> _SUPPLIED DATA_:
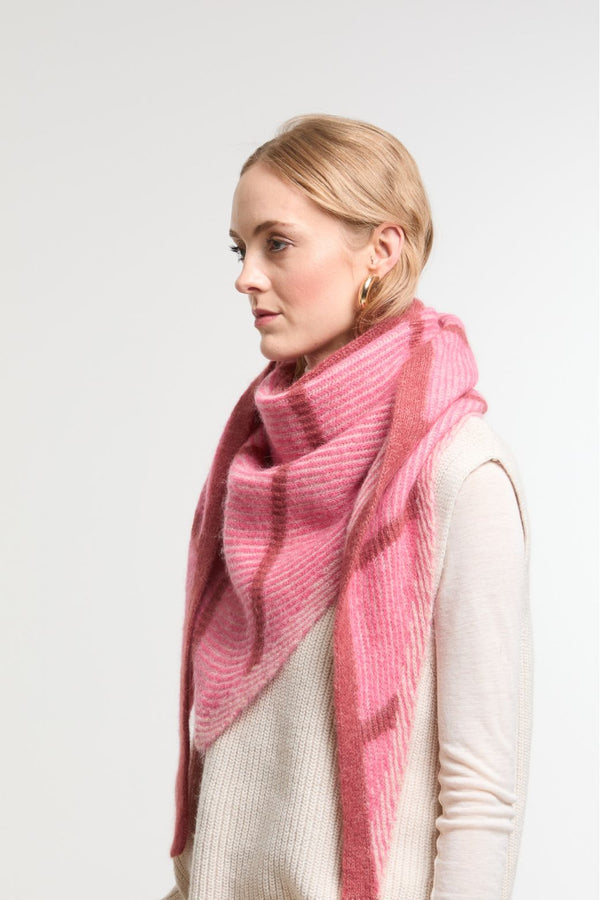 Ma Poesie Pink Hind Triangle Scarf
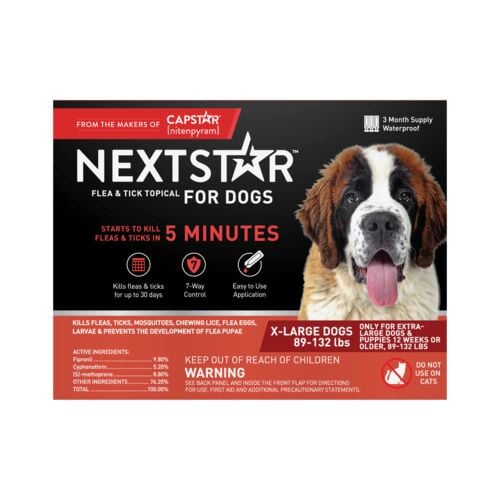 89-132 lbs Flea & Tick Topical Prevention for Dogs - Count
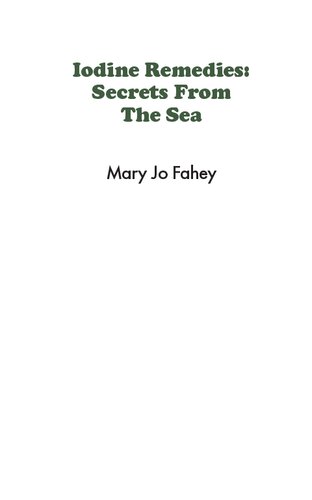 ﻿داروهای ید: رازهایی از دریا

> _BRIEF_: What is needed is a verbatim copy of the lines running from the one with "89-132 lbs Flea" through the last line of the listing above, excluding any pictures.

> _RESPONSE TO THIS TASK_:
 89-132 lbs Flea & Tick Topical Prevention for Dogs - Count
 ﻿داروهای ید: رازهایی از دریا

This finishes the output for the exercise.